Ainsi l’imam Farid Darrouf, de la cité de La Paillade à Montpellier, qui dit son désarroi devant des jeunes qui viennent le trouver : « La semaine dernière, j’ai reçu deux d’entre eux. Ils ont quatorze et quinze ans. Sur les raisons de leur engagement, ils ne disent pas grand-chose. Ils sont juste persuadés qu’ils doivent aller là-bas pour combattre. Et je pense qu’ils finiront par partir. Nous allons à la catastrophe. » Ces jeunes veulent partir en Syrie, via la Turquie. D’autres sont partis et ne reviendront pas. Morts sans sépulture. Ils ont été « embobinés » via les écrans d’Internet. À ne pas négliger : pendant des mois depuis le début de l’offensive anti-Bachar el-Assad, ces mêmes jeunes, devant les écrans islamiques, ont entendu aussi la voix gouvernementale et politique dominante en France qualifier Bachar d’abominable dictateur à abattre. Pour partir en Syrie, ces enfants perdus des cités avaient deux bénédictions, si je puis dire : celle de sites islamiques appelant au « djihad » en Syrie, et celle de la République appelant à la chute du dictateur, hier choyé et caressé jusqu’à l’Élysée.

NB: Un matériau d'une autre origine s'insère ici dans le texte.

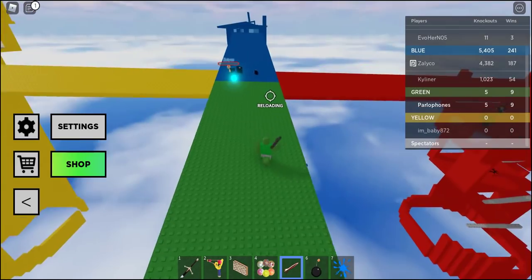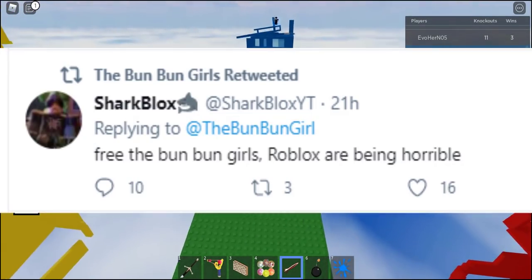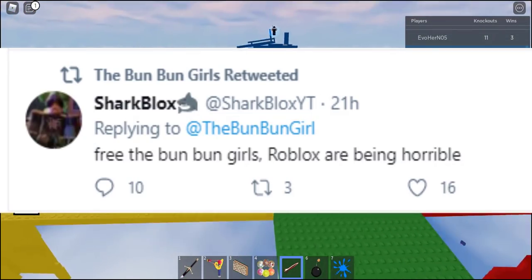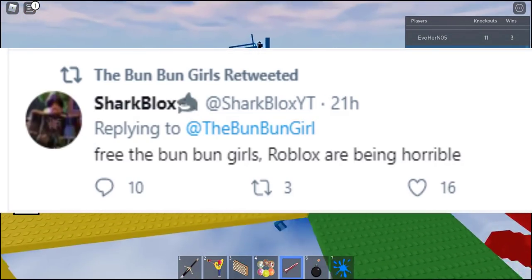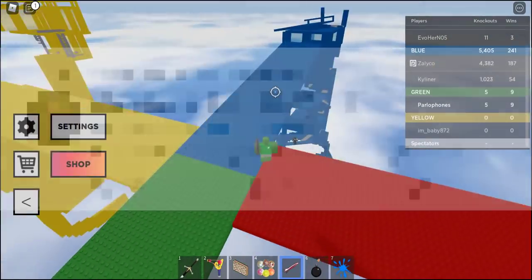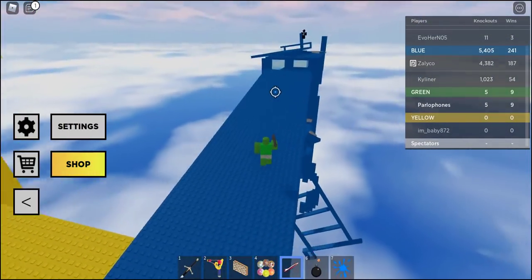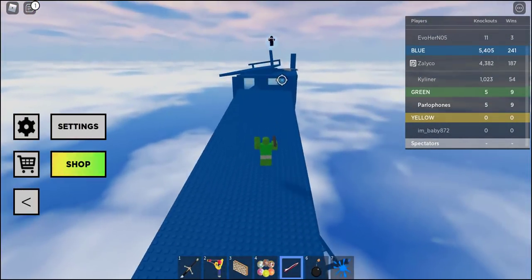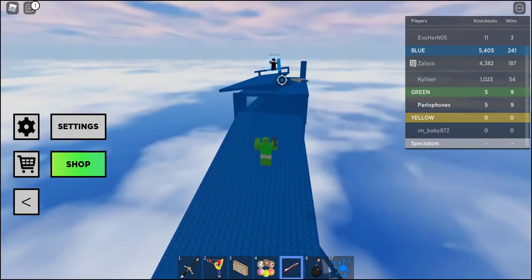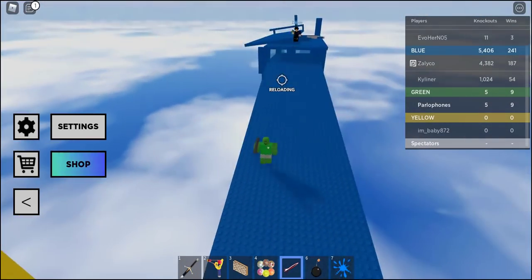However, it is pretty degrading seeing YouTubers like SharkBlocks trying to help the Bun Bun Queen get their account back, considering the ban is 100% justified and the things Kyron has done are disgusting.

Qu’un imam prêche, au contraire, aujourd’hui la vigilance aux oreilles de ses fidèles, prêts à se laisser embarquer dans la pétaudière syrienne, voilà qui est un signe passionnant. « La religion dit tout le contraire de cet engagement militaire ou paramilitaire », dit l’imam de La Paillade, optimiste. Certes, la guerre civile syrienne n’est pas un conflit purement religieux. Mais nous savons que la religion peut devenir un travesti commode. Nous en savons quelque chose, Européens qui avons nourri, pendant des siècles, des conflits cruels habillés en combats pour des vérités dont les différences sont supportables aujourd’hui.  

Nos « guerres de religion » furent barbares, au-delà du supportable, et sans aucun bombardement, au XVIe siècle ! Et que dire du sac de Byzance par les croisés (1204) ou celui de Rome (1527) par les troupes de Charles Quint ! Le temps a passé.

J’imagine que, parmi les soudards de Charles Quint ou les croisés embauchés par Venise contre Byzance, il se trouvait quelques milliers de paysans ou citadins à la ramasse, sans revenus ni espoir, comme les paumés de La Paillade ou du Mirail ou d’ailleurs. Tout cela ne justifie rien, mais nous conduit à tenter de penser notre époque et ses maladies profondes, qui sont économiques et culturelles. Pas seulement religieuses.